Quarterback Cam Newton drops back and lofts a high pass in the direction of the 6-foot-5 Benjamin running down the left sideline. Benjamin soars into the air and comes down with the football.
The crowd at Wofford's Gibbs Stadium cheers.
Carolina coaches smile.
To those -- including coach Ron Rivera prior to the draft -- that said the Panthers didn't necessarily need a true No. 1 receiver after releasing Steve Smith, you can stop that debate.
They have one in Benjamin, who returned to practice on Saturday for the first time since bruising his left knee on Sunday.
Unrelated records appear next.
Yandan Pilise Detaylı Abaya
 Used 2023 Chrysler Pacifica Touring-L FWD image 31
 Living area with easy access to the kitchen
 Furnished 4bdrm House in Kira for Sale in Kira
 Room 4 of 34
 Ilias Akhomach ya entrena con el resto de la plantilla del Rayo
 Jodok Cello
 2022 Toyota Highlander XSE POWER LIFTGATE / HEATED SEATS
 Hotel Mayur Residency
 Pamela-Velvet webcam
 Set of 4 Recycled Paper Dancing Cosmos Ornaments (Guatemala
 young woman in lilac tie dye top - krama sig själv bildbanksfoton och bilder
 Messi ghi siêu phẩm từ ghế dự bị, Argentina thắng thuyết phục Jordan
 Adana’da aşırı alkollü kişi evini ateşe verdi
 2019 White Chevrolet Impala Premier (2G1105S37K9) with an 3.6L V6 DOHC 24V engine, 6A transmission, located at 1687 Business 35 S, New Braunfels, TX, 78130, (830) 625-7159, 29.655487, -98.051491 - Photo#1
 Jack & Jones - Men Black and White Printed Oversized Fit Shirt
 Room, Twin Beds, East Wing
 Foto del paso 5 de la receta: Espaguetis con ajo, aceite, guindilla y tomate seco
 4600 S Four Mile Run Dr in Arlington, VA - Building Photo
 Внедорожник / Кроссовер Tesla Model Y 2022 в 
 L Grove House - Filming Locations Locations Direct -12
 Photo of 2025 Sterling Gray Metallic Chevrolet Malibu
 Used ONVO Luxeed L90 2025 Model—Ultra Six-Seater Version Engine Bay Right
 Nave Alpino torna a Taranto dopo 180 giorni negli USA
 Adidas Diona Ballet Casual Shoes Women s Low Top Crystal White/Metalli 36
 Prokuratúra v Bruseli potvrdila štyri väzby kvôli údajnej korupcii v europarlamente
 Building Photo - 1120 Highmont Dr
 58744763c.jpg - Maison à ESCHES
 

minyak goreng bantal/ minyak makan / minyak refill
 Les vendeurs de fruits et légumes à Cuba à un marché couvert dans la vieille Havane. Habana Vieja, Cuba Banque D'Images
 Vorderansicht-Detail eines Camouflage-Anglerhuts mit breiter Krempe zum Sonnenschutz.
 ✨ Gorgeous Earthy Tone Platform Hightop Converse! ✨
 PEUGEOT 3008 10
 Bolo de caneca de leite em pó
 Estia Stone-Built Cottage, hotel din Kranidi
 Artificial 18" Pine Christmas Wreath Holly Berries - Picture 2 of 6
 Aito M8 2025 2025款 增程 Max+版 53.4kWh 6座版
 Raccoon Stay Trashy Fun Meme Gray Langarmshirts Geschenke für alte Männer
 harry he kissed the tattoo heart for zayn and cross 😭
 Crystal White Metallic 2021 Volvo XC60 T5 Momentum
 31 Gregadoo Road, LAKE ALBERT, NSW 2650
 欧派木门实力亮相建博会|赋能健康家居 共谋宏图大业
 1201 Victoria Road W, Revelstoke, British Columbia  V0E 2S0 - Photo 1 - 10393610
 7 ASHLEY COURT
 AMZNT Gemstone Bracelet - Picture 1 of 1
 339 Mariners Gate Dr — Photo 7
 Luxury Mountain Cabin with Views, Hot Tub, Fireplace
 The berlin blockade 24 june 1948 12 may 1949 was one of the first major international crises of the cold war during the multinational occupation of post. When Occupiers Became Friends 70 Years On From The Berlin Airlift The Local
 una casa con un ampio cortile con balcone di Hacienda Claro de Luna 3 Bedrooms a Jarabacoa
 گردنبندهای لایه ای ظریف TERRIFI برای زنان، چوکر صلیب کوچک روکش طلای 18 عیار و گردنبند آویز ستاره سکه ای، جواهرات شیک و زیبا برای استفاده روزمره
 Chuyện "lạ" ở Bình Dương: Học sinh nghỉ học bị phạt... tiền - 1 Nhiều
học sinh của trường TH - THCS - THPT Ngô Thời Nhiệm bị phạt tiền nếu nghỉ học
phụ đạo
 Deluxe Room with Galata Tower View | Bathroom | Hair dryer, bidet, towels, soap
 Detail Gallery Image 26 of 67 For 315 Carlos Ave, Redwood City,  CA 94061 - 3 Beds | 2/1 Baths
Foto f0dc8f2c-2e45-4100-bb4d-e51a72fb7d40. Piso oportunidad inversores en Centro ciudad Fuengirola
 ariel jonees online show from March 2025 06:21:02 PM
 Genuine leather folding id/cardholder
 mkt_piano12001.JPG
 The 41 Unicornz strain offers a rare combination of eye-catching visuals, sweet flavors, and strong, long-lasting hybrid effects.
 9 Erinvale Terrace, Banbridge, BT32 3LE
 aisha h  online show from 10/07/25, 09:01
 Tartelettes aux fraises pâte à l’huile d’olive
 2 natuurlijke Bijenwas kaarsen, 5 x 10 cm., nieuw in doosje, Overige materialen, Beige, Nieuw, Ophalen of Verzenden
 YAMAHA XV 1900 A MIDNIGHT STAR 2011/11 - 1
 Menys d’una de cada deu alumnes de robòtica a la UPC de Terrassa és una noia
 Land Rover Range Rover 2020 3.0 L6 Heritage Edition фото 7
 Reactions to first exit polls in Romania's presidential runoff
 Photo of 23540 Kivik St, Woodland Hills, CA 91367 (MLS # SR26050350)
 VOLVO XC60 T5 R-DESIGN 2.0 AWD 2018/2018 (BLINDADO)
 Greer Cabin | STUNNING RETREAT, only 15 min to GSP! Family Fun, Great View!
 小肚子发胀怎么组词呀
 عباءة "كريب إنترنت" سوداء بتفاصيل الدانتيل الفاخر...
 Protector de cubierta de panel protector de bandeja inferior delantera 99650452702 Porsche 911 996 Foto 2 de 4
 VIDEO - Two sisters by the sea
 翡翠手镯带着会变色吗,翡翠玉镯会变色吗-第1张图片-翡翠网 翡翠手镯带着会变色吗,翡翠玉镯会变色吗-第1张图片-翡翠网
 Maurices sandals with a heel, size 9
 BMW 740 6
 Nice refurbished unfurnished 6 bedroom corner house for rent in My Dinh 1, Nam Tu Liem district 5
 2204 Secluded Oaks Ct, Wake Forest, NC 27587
This is what the former Florida State standout brings to the offense, why he will make even the most diehard Smith fans forget about the seemingly harsh way Carolina's all-time leading receiver was let go.
"Yes, he does," wide receiver coach Rick Proehl said when I asked if Benjamin looked like a No. 1 receiver. "It's obvious."
It's also early, as Proehl quickly reminded. But he also admitted early returns are looking good.
"There are going to be some trials he's going to go through," Proehl said. "But if you keep making plays like he is right now they're going to come up and press him. How he adjusts and how he adapts will be his next step in being a No. 1 receiver.
"But every indication, right now ... he has a great feel for the game."
Benjamin still makes rookie mistakes, but he doesn't look like a rookie. And as Proehl noted, the misperception that Benjamin wasn't advanced in running good routes, "that's not true at all."
The perception that you can't coach Benjamin's size is true. Combine that with his route running and sneaky-fast speed and you have a weapon that defenses will have to respect from the get-go.
"No question," Proehl said. "The catches he's made have been amazing. You don't have to put it in a tight window. Just throw it up and put it in the general area and he's going to come down with it. That's what he brings to the table."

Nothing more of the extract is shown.